Booker’s bourbon began as a private holiday gift for special friends and was named after Jim Beam’s grandson Booker Noe (Frederick Booker Noe II), the legendary master distiller. Booker Noe had been bottling a small run of cask strength, unfiltered, 6- to 8-year-old bourbon as a holiday gift for several years before the company felt the market was ripe for such a product.

In 1988, Booker introduced his “Booker’s True Barrel Bourbon.” It was finally released commercially only in 1992, by then called simply “Booker’s.” Only 100 cases were produced because that was all they thought they’d need to last a few years. That first release sold out quickly, however, and Jim Beam responded according to demand. Soon, demand forced Jim Beam to greatly increase production, and now it remains one of the Jim Beam flagship products.

Booker Noe and his son Fred (Frederick Booker Noe III) would select barrels for this high-proof bourbon. After Booker’s 2004 passing, Fred kept the tradition .

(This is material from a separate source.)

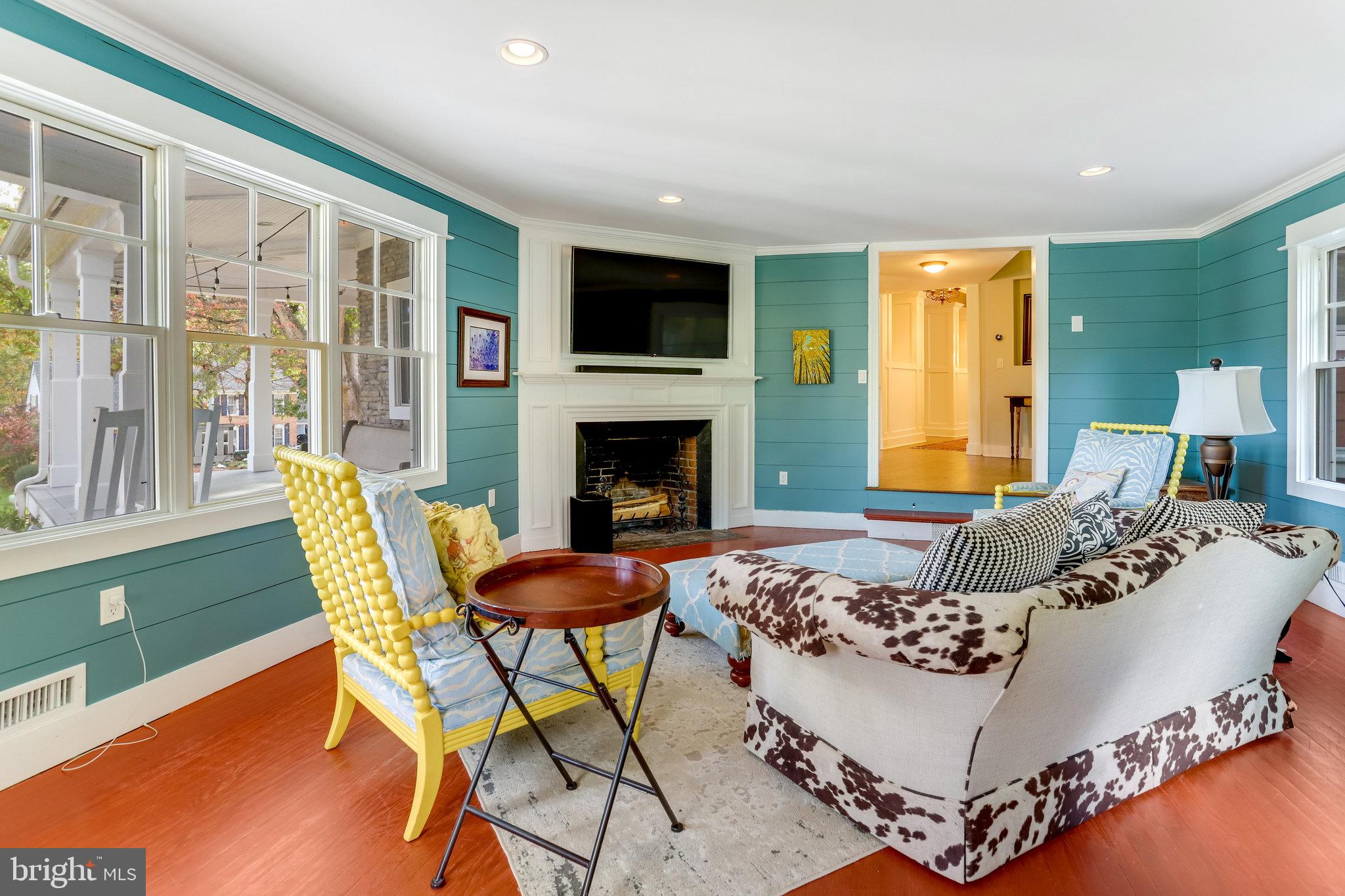 CHAPEL HILL - Residential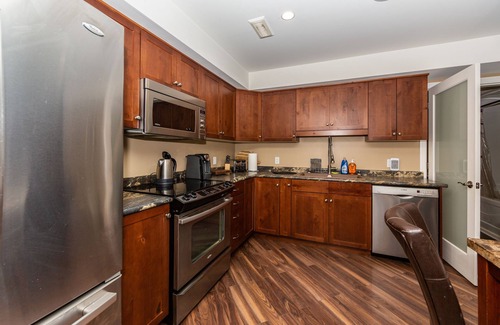 Port Stanley House | Two Storey on Bessie - only a minute walk to the Beach!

Booker’s Small Batch Kentucky Straight Bourbon Whiskey (Batch #2013-6; aged 7 ½ years; 62.95 percent abv; $60): this delicious amber-colored nectar is tight, dense and rich. Before water is added, it offers aromas of vanilla, baked apples, honey, light floral scents, distinct sweet cedar and charred oak woody notes, and rich toffee, followed by rather hot but sweet flavors of toffee, honey, vanilla,
cinnamon, drying walnut-like tannins, lots of woody notes and pepper. The addition of a little water opens the aromatics even more while pushing much of the heat away, especially on the mid-palate, revealing additional flavor notes of sweet vanilla, toasted oak, toasted toffee, hints of root beer and licorice, and some dry spices. The finish is long and absorbing with a bit of drying tannins, sweet caramel and peppery, cinnamon heat. This is a delightful, bold, pure, powerful bourbon whiskey! Go real easy on that water, however, as too much will throw it way out of balance. L’Chaim!